Thread Locked This thread is locked - replies are not allowed.



Permlink Replies: 2 - Pages: 1 - Last Post: 10-Nov-2019 00:36 Last Post By: jGromit Threads: [ Previous | Next ]
jGromit

Posts: 6,792
Registered: 31-Jan-2006
The opposite of SEO
Posted: 10-Nov-2019 00:32
Some users are eager to have their albums listed by searchers like Google and Bing, and go to great lengths to figure out how to get higher listings for their sites. This is referred to as Search Engine Optimization, or SEO.

But consider the opposite case. You have albums that are intended only for family and friends, and you don't want the search engines to crawl all over them. How do you get them to ignore your site?

The only way to protect a directory from all unauthorized viewing is to put a password on it, which is probably annoying for your site visitors. But you can at least discourage search engines from indexing parts of your site that you don't want to appear in search results.
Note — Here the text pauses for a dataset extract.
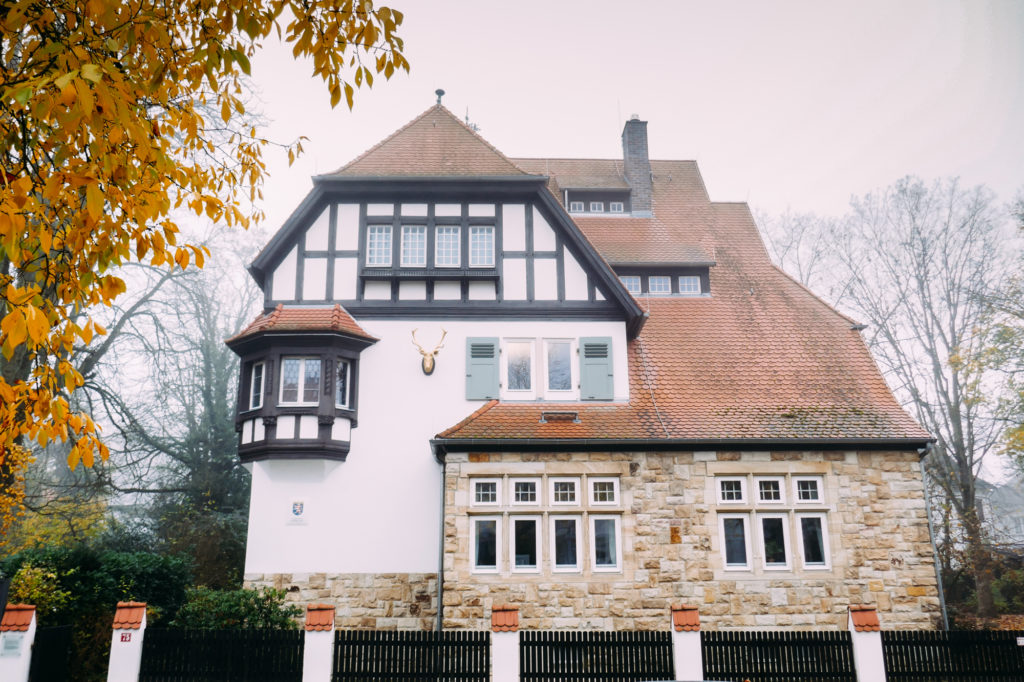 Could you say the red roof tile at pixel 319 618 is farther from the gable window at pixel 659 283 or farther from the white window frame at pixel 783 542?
the gable window at pixel 659 283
The first step is to turn off "indexing" on your hosting account. Say you have this structure on your account:
public_html
public_html/albums
public_html/albums/pets
public_html/albums/pets/fluffy (there's an album here)
public_html/albums/pets/sparky (there's an album here)
public_html/blog (some other stuff, like a Wordpress site)
If you point a browser to http://example.com/albums, it will look for an index.html file there - in other words, a web page that can be shown in the browser. What happens if there isn't one? If "indexing" is turned on, the browser will display the directory of folders, and you'll see a listing for pets. If you point the browser to http://example.com/pets, and there's no index.html file, the browser will show a listing for fluffy and sparky. So, a search engine will be able to burrow down into your account, even if there are no pages with links to those lower levels.

If you turn off indexing, however, the search engine won't be able to get anywhere. A browser that's pointing to http://example.com/albums or http://example.com/album/pets will get a 403 error, telling the visitor that there's no web page there and that it doesn't have permission to view the raw listing of directories. This is handy if you want people to view your pages only if you give them the specific URL that points to them, like http://example.com/albums/pets/sparky. There's no way a search engine can find sparky on its own, unless there are other pages out there that point to that album.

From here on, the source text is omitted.